DINHEIRO ? Isso foi um movimento individual da sua corretora?
SOUZA ? Não. Buscamos um contato via Ancor, a Associação Nacional das Corretoras, e mesmo assim não quiseram nos ouvir.
DINHEIRO ? Num fundo de pensão, quem dá as ordens de compra e venda de ações?
SOUZA ? Em geral, isso vem do diretor financeiro. Mas às vezes há outros operadores credenciados a transmitir as ordens às corretoras.
DINHEIRO ? O sr. acha que há falhas na fiscalização das corretoras?
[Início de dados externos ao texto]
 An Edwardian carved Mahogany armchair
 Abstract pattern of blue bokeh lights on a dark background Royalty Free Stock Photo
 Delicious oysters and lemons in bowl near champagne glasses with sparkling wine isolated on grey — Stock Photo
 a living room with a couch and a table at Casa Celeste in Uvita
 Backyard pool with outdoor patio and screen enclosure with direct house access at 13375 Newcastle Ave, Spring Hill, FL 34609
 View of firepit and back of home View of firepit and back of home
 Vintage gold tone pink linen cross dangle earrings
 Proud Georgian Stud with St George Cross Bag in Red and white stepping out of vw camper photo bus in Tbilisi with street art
SOUZA ? Nós já somos fiscalizados pela Bovespa, pela BM&F e pela Comissão de Valores Mobiliários. A CVM, inclusive, tem poder de polícia. Eles podem tirar uma corretora sumariamente do mercado. E, no nosso caso, criamos cuidados especiais. Nós temos até ISO 9001. As ordens dos clientes são todas gravadas. Há ainda uma série de checagens nos procedimentos. É evidente que tudo pode ser melhorado, mas não acho que o sistema seja pouco fiscalizado.
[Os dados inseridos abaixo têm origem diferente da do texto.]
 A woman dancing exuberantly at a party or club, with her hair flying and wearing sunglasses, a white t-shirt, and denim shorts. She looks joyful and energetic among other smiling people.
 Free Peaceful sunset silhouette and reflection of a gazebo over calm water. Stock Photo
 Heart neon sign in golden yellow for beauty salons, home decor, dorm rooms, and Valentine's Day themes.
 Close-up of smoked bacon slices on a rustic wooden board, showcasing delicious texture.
DINHEIRO ? E o controle dos fundos de pensão?
SOUZA ? Há também muitos controles. Os custodiantes dos títulos, por exemplo, não aceitam papéis comprados fora dos preços de mercado. Muitas fundações também gravam todas as ordens feitas às corretoras. Tem todo um ritual para comprar um título público federal. E há ainda o controle da Secretaria de Previdência Complementar, que não é desprezível.
DINHEIRO ? Que impacto a divulgação das notícias causou na sua corretora?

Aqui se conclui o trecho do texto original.